Results suggest sponsoring sexual explicit and violent tv programs might be unprofitable for advertisers

American Psychological Association

WASHINGTON -- In the first published study to examine the effect of televised sex on memory for commercial messages, researchers at Iowa State University have found that viewers of programs with sexually explicit or violent content were less likely to remember commercials immediately after exposure and even 24 hours later. The findings appear in the June issue of the American Psychological Association's (APA) Journal of Applied Psychology.

In an experiment involving 324 adults, psychologist Brad J. Bushman, Ph.D., and Angelica M. Bonacci of Iowa State University randomly assigned the participants to watch a violent, sexually explicit, or neutral television program. The age distribution of the participants was 18 to 54 years old and was representative of the age distribution of adults the same age in U.S. TV households. Each program contained nine ads for products with broad market appeal, such as soft drinks, cereal and laundry detergent. Immediately after viewing the TV program, the participants were given a surprise test in which they tried to recall the brand names in the commercial messages. The next day the participants were contacted by telephone and were again asked to recall the advertised brands.

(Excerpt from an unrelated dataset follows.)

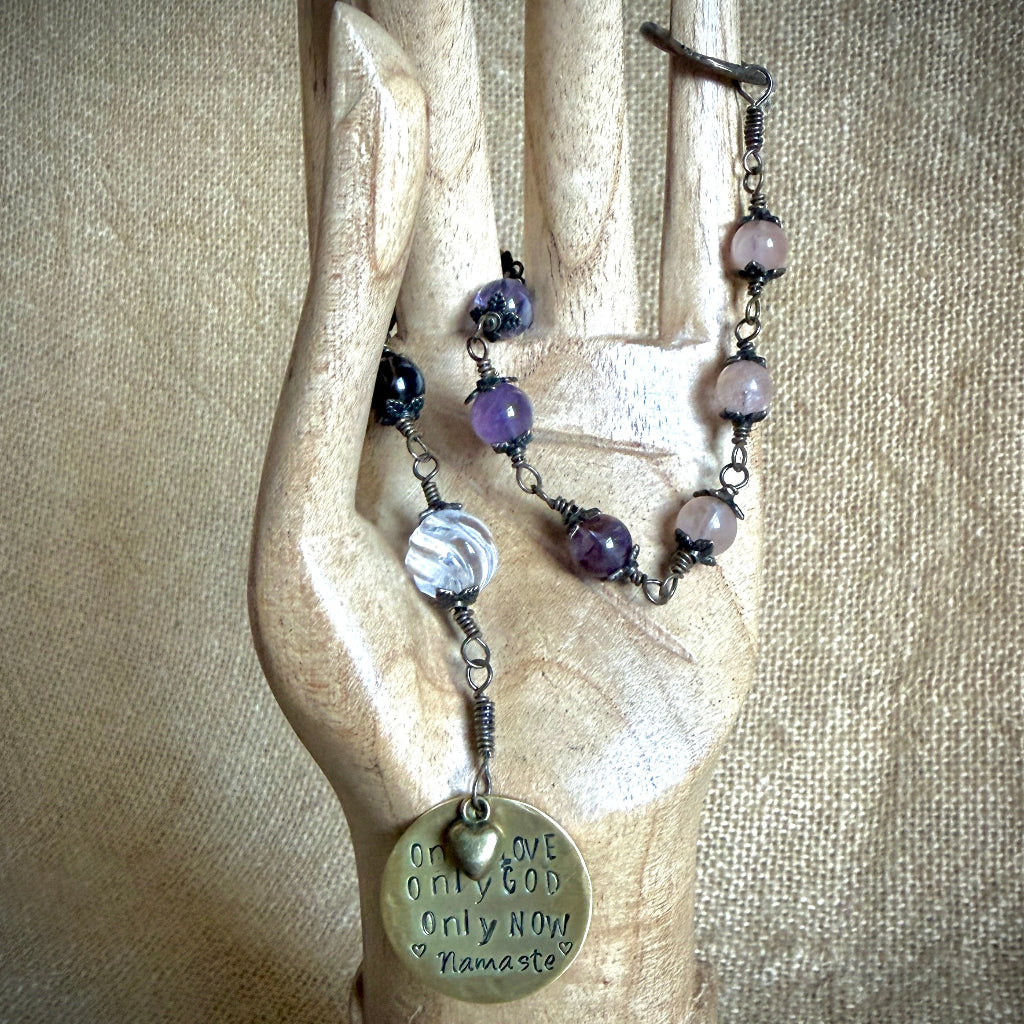 A beaded rosary with cacoxenite and morganite beads, a clear quartz bead, and a round engraved brass pendant reading 'ONE LOVE ONLY GOD ONLY NOW Namaste', displayed on a carved wooden hand against a beige fabric background.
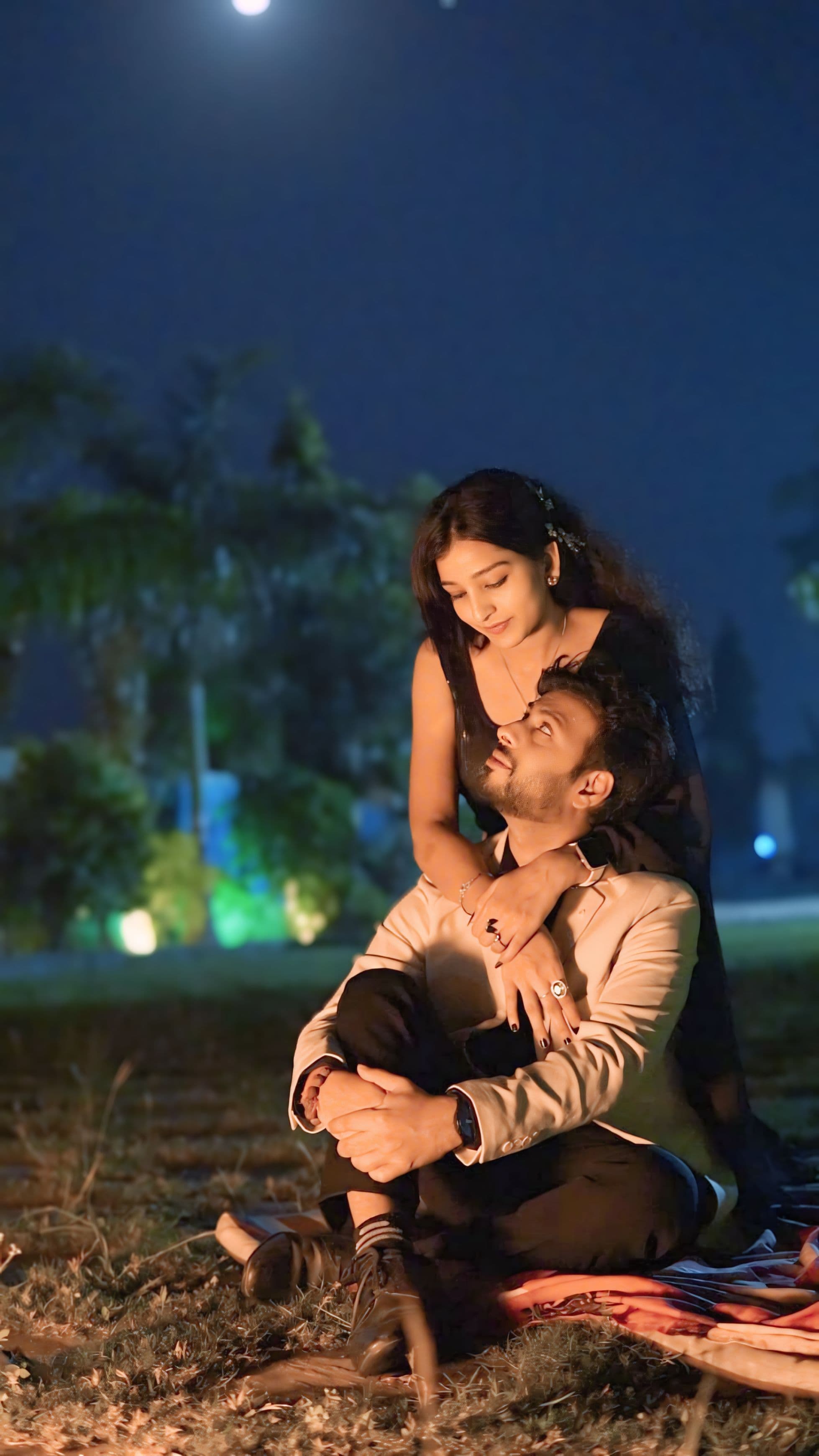 Couple sharing an intimate moment seated on the ground under the moonlight with soft bokeh lights in the background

Results show those participants who saw the ads during a neutral program (no sexual or violent content) had better memory of the products advertised than did participants who saw the ads during a sexual or violent program, both immediately after exposure and 24 hours later. The violent and sexual content impaired memory for both males and females of all ages, regardless of whether they liked programs containing violence and sex. The results replicate findings of previous studies by Dr. Bushman and other researchers that looked at the effect of violent content on memory for commercial messages, but this is the first published study that also included the effects of televised sex on TV ad messages, say the authors.

"One possible reason why sex and violence impair memory for commercials," according to Dr. Bushman, "is because people pay attention to sex and violence, thus reducing the amount of attention they can pay to the commercials. Another possibility is that sexual and violent content prompt sexual and violent thoughts. Thinking about sex and violence, instead of the commercials, could reduce commercial memory." More research in this area is needed before a definitive answer can be given on what is driving this effect, said Bushman.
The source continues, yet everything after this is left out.